[Short text fragments from websites]
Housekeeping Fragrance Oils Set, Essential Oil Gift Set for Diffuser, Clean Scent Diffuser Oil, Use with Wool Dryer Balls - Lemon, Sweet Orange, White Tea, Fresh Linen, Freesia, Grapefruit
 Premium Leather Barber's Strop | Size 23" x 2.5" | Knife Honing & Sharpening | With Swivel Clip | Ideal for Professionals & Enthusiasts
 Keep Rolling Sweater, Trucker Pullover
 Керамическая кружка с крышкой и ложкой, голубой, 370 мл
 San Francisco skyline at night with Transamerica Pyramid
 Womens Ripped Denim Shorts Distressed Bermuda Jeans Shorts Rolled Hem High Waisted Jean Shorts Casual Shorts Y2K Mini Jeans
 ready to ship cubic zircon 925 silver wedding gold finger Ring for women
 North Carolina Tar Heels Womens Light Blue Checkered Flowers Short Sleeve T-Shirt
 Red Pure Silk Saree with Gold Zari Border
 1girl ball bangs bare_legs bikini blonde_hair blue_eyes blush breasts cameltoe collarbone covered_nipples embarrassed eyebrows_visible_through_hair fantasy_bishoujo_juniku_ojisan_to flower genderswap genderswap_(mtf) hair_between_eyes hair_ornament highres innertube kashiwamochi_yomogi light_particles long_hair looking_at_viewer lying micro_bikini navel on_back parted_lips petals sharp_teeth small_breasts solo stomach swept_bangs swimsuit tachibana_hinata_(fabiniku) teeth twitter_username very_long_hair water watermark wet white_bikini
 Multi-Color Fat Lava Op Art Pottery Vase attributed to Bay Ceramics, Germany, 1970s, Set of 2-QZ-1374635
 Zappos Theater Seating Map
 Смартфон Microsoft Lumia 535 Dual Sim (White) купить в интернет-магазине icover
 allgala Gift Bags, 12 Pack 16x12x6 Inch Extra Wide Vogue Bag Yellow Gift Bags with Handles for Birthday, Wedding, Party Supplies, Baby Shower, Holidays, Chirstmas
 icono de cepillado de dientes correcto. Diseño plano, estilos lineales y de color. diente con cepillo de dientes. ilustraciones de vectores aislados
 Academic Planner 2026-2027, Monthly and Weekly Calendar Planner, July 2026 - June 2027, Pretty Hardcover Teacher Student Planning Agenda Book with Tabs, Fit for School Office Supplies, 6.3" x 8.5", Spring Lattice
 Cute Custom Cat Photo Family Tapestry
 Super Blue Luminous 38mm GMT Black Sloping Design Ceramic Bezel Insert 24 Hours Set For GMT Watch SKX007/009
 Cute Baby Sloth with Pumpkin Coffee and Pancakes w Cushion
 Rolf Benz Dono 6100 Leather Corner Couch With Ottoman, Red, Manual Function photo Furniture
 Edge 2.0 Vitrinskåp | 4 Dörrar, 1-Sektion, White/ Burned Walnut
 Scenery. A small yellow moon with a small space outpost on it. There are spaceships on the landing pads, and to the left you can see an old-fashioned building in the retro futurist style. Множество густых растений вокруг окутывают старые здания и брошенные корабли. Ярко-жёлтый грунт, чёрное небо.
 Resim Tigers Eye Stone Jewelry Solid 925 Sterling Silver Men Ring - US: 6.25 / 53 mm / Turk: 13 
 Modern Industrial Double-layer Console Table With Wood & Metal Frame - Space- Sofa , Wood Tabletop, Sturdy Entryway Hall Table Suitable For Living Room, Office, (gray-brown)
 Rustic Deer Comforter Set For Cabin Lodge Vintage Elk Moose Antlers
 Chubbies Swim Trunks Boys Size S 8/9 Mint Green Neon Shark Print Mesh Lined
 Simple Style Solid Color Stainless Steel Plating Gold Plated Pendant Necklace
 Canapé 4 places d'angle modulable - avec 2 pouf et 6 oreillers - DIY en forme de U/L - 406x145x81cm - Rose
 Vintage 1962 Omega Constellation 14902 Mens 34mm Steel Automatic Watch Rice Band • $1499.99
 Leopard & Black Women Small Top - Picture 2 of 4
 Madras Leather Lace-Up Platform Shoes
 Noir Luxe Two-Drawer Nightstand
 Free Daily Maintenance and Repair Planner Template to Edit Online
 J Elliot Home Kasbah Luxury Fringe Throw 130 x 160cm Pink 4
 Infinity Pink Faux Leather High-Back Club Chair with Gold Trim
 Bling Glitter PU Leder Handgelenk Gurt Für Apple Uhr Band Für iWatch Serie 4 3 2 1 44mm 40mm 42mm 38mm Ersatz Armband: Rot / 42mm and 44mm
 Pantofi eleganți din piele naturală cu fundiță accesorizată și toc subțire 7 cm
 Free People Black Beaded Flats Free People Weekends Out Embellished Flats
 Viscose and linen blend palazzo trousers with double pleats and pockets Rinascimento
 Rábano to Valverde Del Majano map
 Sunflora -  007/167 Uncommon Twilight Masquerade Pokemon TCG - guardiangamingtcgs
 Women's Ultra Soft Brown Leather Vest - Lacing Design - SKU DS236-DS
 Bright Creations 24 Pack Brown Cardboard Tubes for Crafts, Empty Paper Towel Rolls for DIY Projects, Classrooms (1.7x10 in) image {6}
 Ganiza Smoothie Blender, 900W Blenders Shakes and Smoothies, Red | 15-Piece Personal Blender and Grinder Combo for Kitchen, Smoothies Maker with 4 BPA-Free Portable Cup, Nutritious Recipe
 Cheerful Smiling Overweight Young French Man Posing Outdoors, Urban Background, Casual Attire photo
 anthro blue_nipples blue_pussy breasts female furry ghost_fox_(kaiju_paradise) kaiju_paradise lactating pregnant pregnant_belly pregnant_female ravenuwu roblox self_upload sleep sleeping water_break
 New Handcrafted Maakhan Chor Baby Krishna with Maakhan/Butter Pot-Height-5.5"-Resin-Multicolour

What you need to do.
Scan the entries above. Copy each line that has the string "Pink".

Response to the task.
 J Elliot Home Kasbah Luxury Fringe Throw 130 x 160cm Pink 4
 Infinity Pink Faux Leather High-Back Club Chair with Gold Trim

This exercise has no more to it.